Start of Block

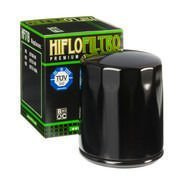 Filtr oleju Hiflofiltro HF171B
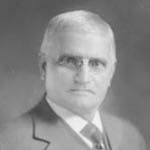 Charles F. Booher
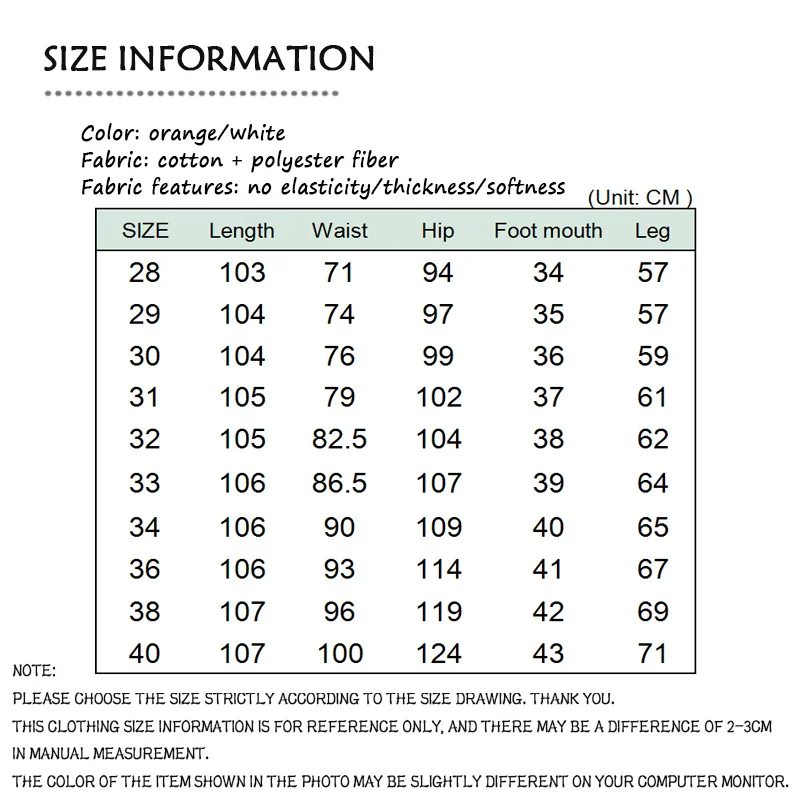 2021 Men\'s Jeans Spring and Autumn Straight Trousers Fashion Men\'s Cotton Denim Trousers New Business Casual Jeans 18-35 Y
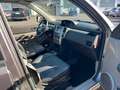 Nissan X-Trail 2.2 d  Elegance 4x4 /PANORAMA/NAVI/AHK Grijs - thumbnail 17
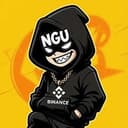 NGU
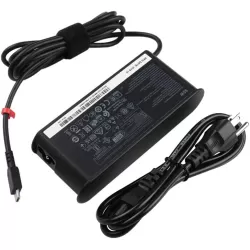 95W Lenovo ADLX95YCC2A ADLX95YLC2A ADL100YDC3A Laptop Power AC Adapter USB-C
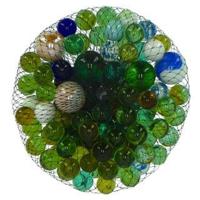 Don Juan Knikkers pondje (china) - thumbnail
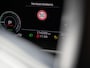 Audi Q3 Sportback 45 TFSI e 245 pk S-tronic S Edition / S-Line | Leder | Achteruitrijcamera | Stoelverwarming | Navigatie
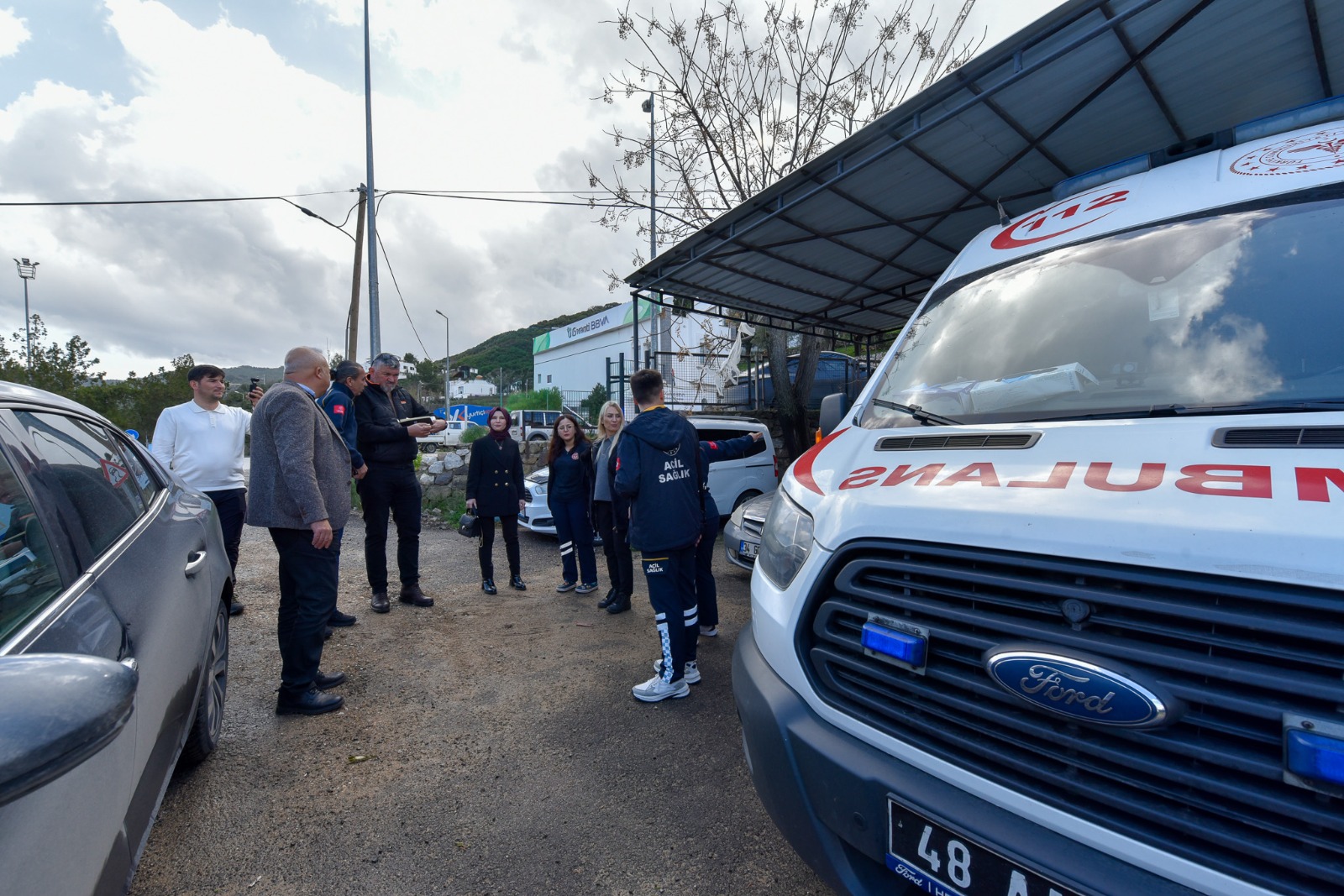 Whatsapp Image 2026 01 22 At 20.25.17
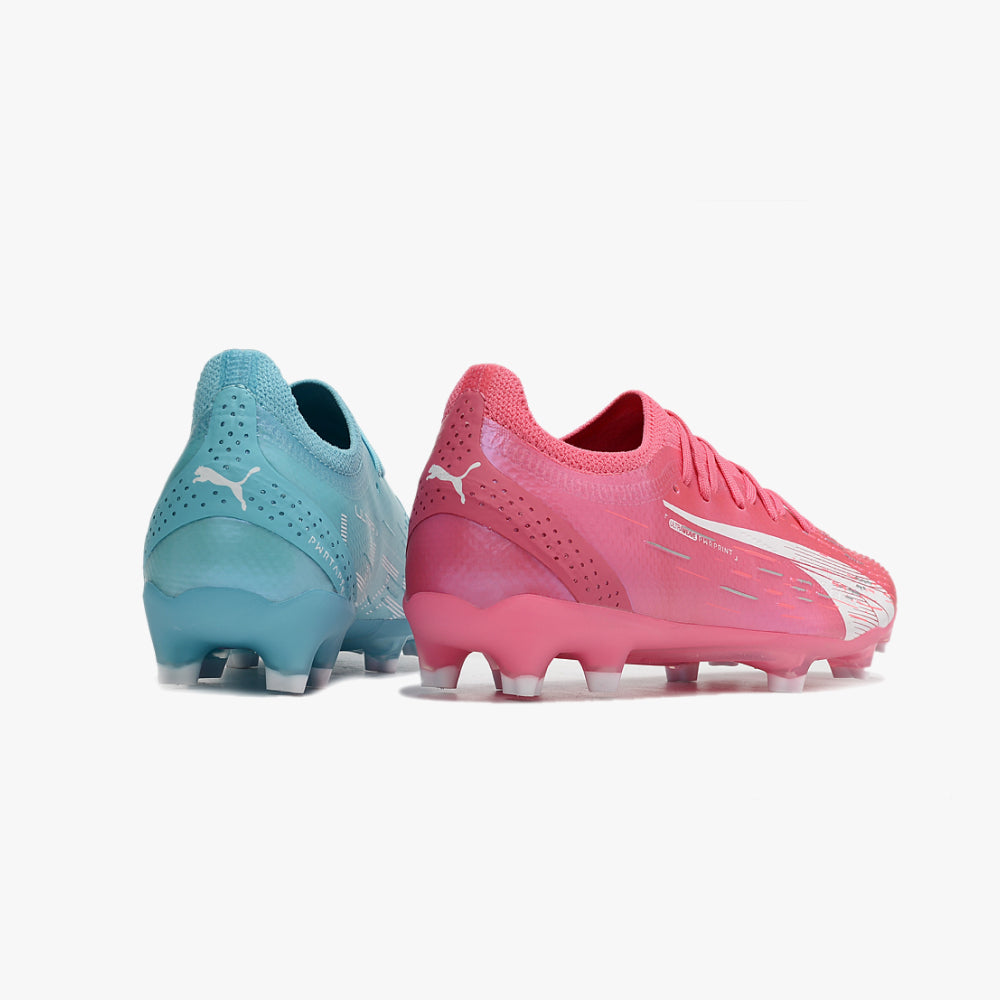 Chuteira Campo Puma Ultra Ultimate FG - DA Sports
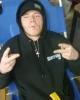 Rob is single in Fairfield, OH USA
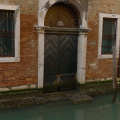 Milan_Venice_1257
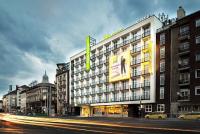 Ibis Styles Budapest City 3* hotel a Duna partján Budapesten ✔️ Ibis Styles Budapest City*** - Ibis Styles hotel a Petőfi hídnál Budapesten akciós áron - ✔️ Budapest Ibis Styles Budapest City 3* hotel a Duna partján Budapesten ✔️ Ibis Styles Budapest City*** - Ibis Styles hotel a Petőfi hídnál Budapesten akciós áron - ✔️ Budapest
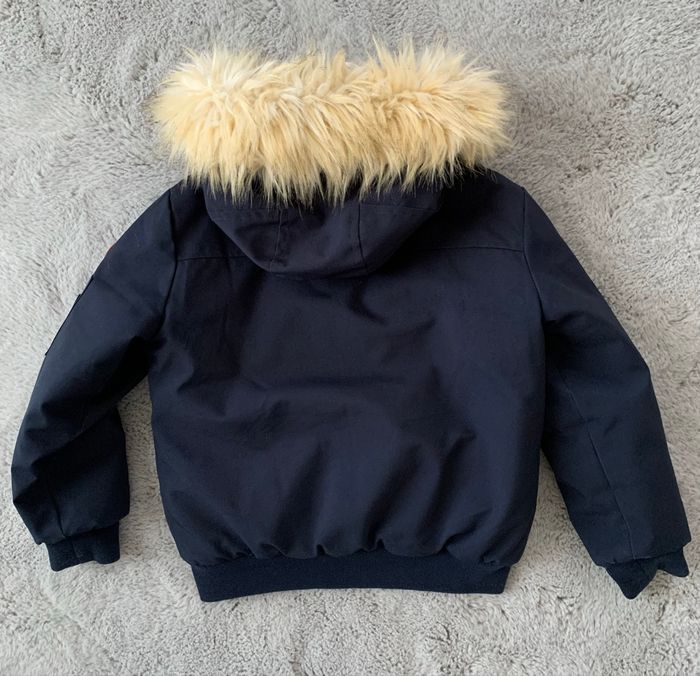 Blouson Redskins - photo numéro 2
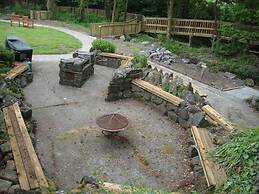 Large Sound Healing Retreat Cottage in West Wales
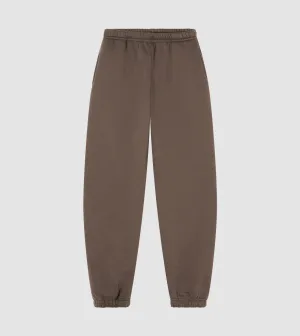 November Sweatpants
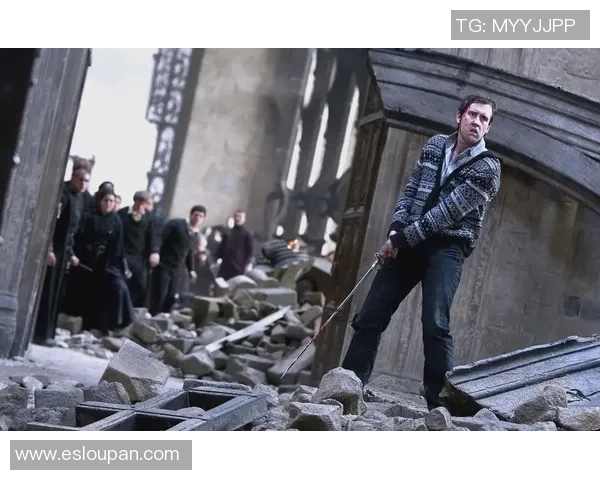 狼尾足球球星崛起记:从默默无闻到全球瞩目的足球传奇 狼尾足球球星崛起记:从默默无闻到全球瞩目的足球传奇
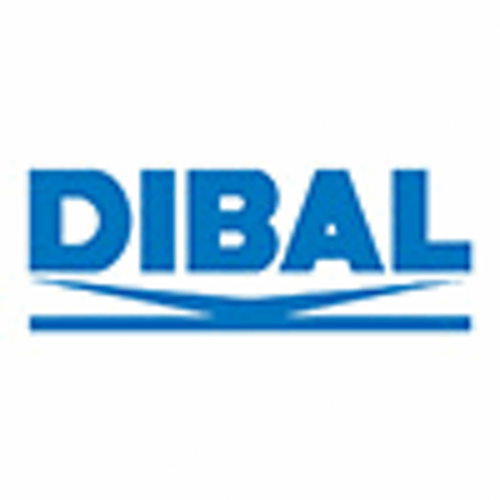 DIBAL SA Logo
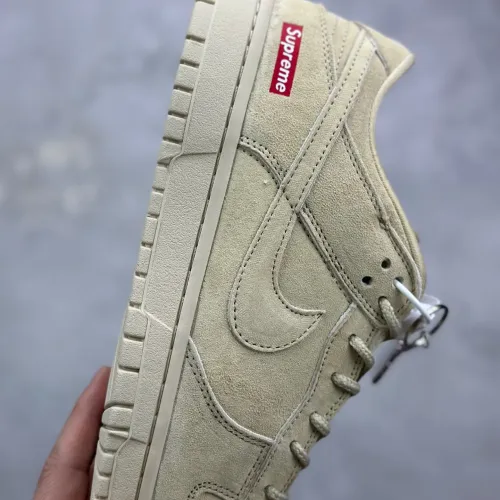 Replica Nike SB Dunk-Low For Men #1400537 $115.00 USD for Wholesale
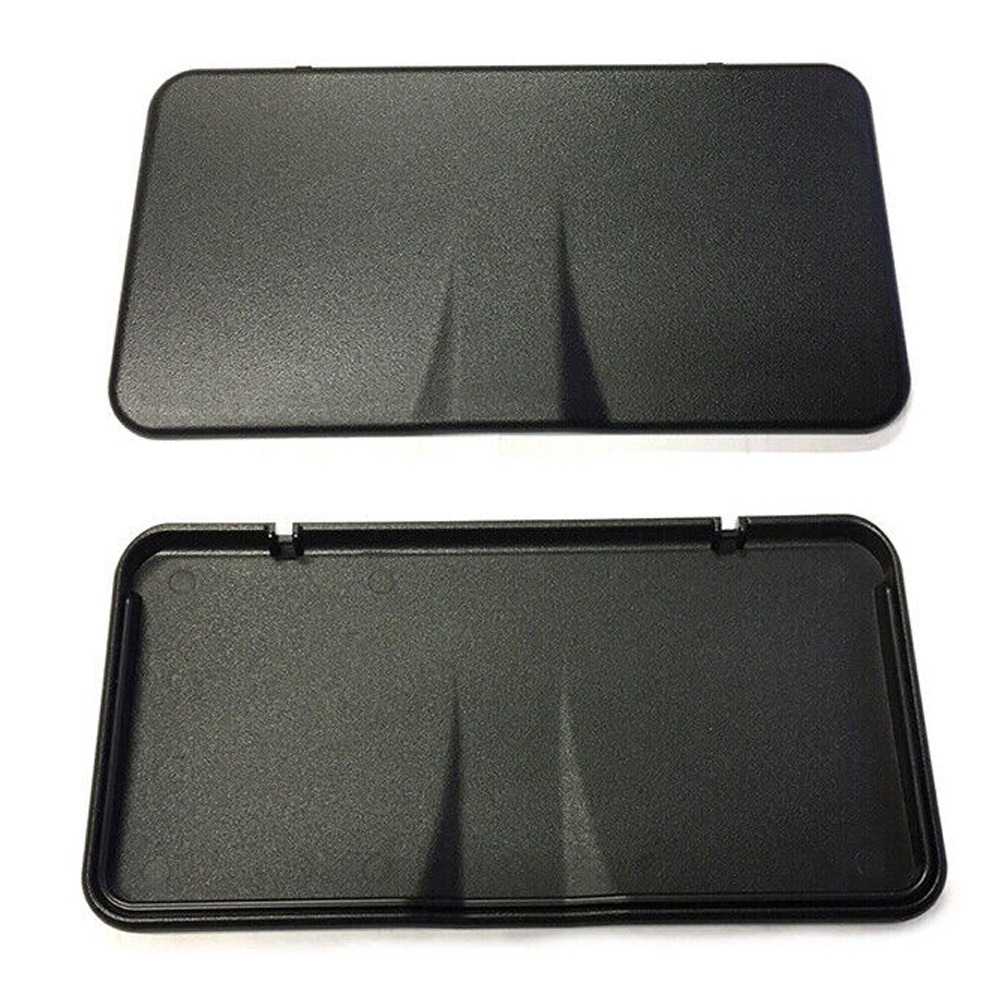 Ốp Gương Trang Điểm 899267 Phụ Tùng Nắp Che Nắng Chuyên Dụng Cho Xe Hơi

End of Block

About this exercise: While leaving pictures out, reproduce exactly the lines from the beginning of the listing above through the line containing "Milan_Venice_1257", both ends included.

Exercise answer:
 Filtr oleju Hiflofiltro HF171B
 Charles F. Booher
 2021 Men\'s Jeans Spring and Autumn Straight Trousers Fashion Men\'s Cotton Denim Trousers New Business Casual Jeans 18-35 Y
 Nissan X-Trail 2.2 d  Elegance 4x4 /PANORAMA/NAVI/AHK Grijs - thumbnail 17
 NGU
 95W Lenovo ADLX95YCC2A ADLX95YLC2A ADL100YDC3A Laptop Power AC Adapter USB-C
 Don Juan Knikkers pondje (china) - thumbnail
 Audi Q3 Sportback 45 TFSI e 245 pk S-tronic S Edition / S-Line | Leder | Achteruitrijcamera | Stoelverwarming | Navigatie
 Whatsapp Image 2026 01 22 At 20.25.17
 Chuteira Campo Puma Ultra Ultimate FG - DA Sports
 Rob is single in Fairfield, OH USA
 Milan_Venice_1257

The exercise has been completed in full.